Я подошел и уселся рядом, нагло наслаждаясь ее бело-розовым очарованием. Она не была красавицей, но поразительная хрупкость и нежность в этом странном непропорционально-милом лице, абсолютно обескураживали меня. Я впервые видел столь открытый, не таящийся и мечтательно-любопытный взгляд непомерно огромных фиолетовых глаз. Бледное лицо сердечком помимо удивительных очей украшал кремово-розовый ротик и румяные щечки. Она улыбнулась, и улыбка эта оказалась тоже совершенно неординарной – нижняя губа ее была пухлее верхней и очаровательно выпячивалась, а на щеках намечались две аккуратные ямочки.
– Ты выглядишь очень замерзшей, – сказал я, продолжая обшаривать ее взглядом.
– Так и есть, – призналась она.
Я резко встал и стянул с себя парку. А затем ловко поднял прекрасную незнакомку на ноги, оборачивая своей теплушкой.
– Но так вы сами замерзните! – воскликнула она, все же кутаясь в мою куртку.
– Пустяки, – заверил ее я, – у меня свитер теплый.
– Спасибо, – пропела девушка стеснительно, и у меня зашуршало под ложечкой от ее колокольного голоса.
– Почему ты греешься здесь? – задал я мучивший меня неудобный вопрос. – Ты не похожа на бродяжку. На метро опоздала что ли?

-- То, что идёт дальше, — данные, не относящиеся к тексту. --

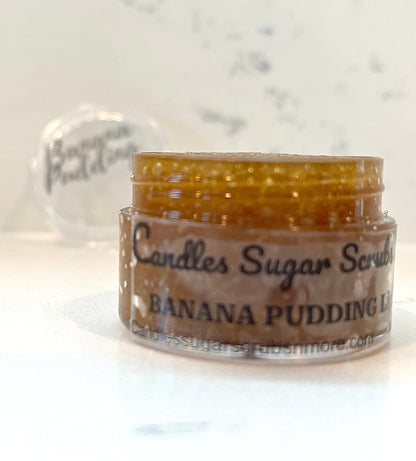 Banana Pudding Lip Scrub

– Я потерялась, – призналась она шепотом.
Эта ее беспомощность придавала ей еще больше хрупкости и очарования, и я решился сделать ей предложение:
– Мой дом здесь недалеко, если ты действительно сильно замерзла, я могу предложить тебе горячего чая или даже согревающий душ.

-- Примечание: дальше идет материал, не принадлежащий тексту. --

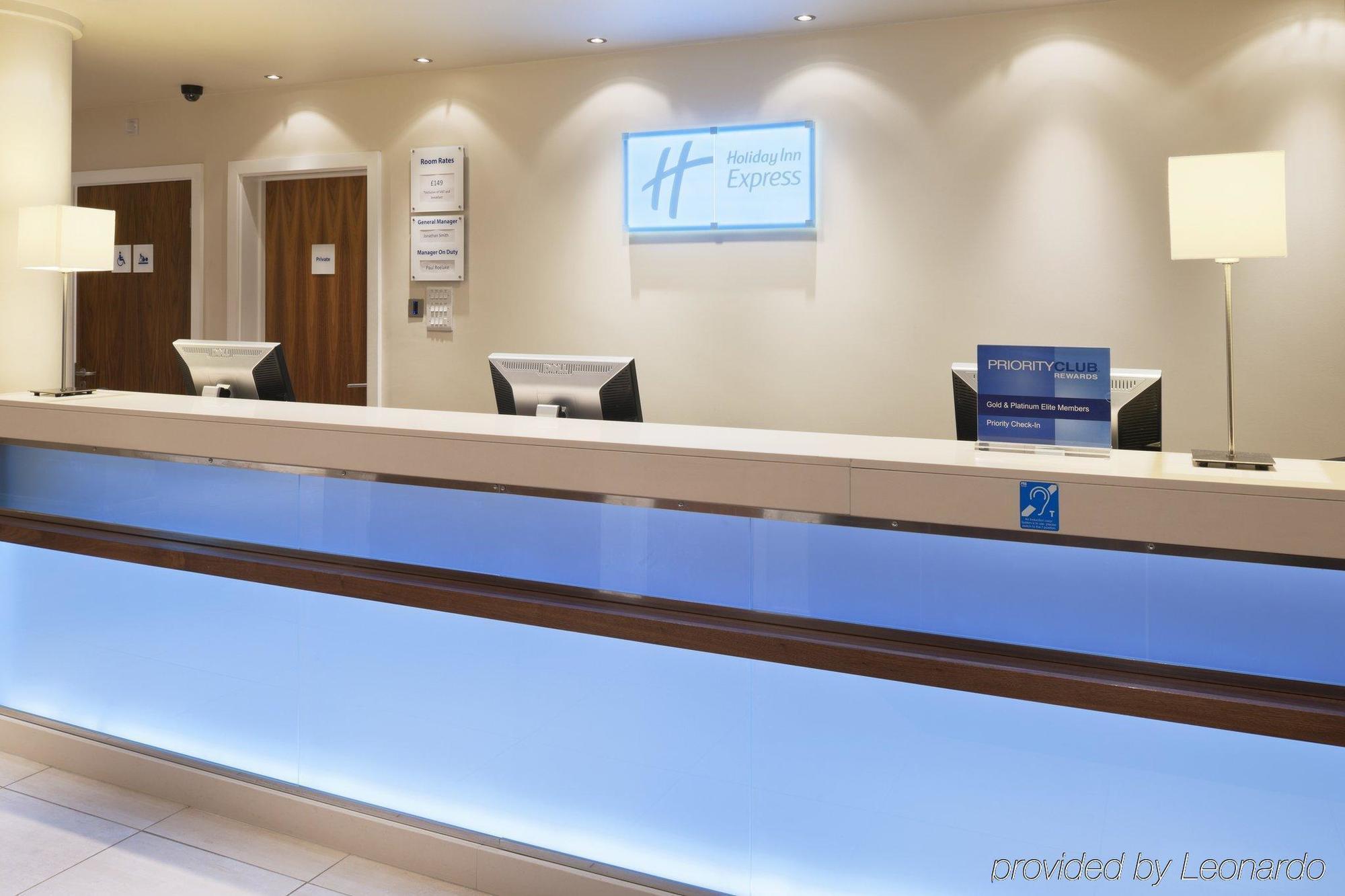 Holiday Inn Express Manchester City Centre, An Ihg Hotel מראה פנימי תמונה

– В самом деле? – заискивающе спросила она, запахивая голыми руками мою куртку.
– Конечно, – ответил я машинально, думая в эту минуту о том, что нечто подобное уже видел – в тот день, когда вышел на улицу за провиантом и встретил своего Псоглавца.
Странное чувство продолжало держать меня в плену, пока неземное создание приближалось ко мне почти вплотную. Я встрепенулся, когда она приподнялась на цыпочки, желая лучше разглядеть мое лицо. Только тогда я заметил, что ее необыкновенные глаза были не просто того редчайшего, мифического цвета, о котором сложено немало легенд, но еще и обрамлялись тонким золотистым ободком, словно были готовы вспыхнуть в любое мгновение.

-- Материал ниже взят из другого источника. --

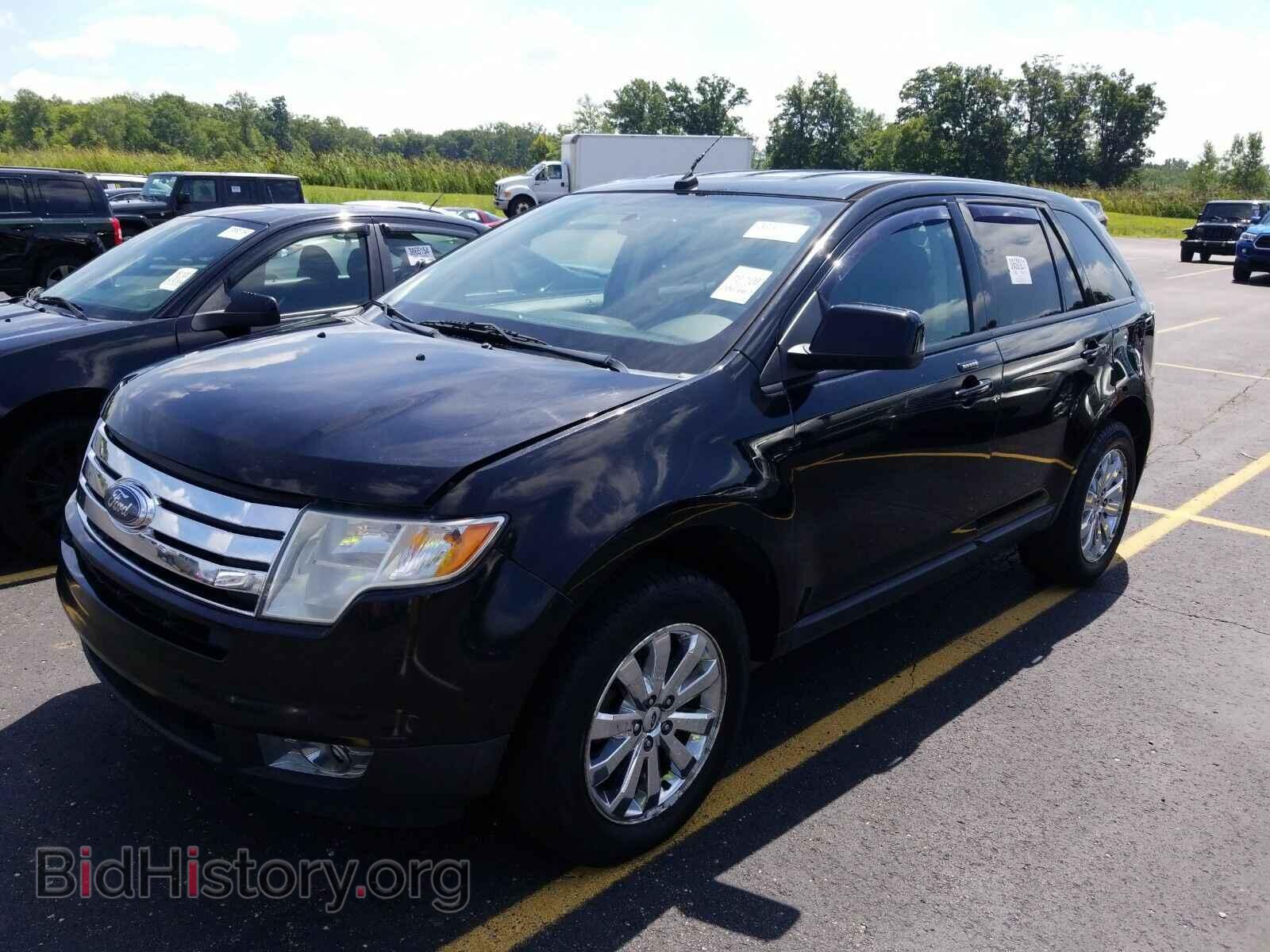 Фотография 2FMDK39C77BB32011 - Ford Edge 2007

Я замер как удав в ожидании того, что должно было произойти. Но моя ночная фея, похоже, уже разглядела все, что ей требовалось. Она отстранилась на шаг, и огненная оторочка ее зрачков, странным образом потухла, оставляя слабое золотистое свечение.
– Я приму ваше предложение, – сказала она, опуская глаза, и протянула мне руку.
Я стиснул ее совершенно обледеневшие крошечные пальцы своими руками и попытался согреть дыханием. Меня не отпускала мысль, что эта девчонка очень уж странная (как и все, что в последнее время со мной происходило), но невероятно притягательная в своей безмятежной наивности.
Так и не выпустив ее маленькой руки, я довел эльфоподобное создание до своей конуры. Помог снять мою куртку и ее тонкое, потертое пальто, размотал широкий вязаный шарф, присел на корточки и стащил замшевые ботики. Она же стояла тихая и слабо дышащая, послушно позволяя проделывать с нею все эти манипуляции.
У меня мелькнула в голове идиотская мысль: была бы она столь же безропотно-покорна, если бы я продолжал планомерно снимать с нее все, во что она облачилась – розовое платье в синий цветочек, малиновые колготки, отчего-то разного цвета носки?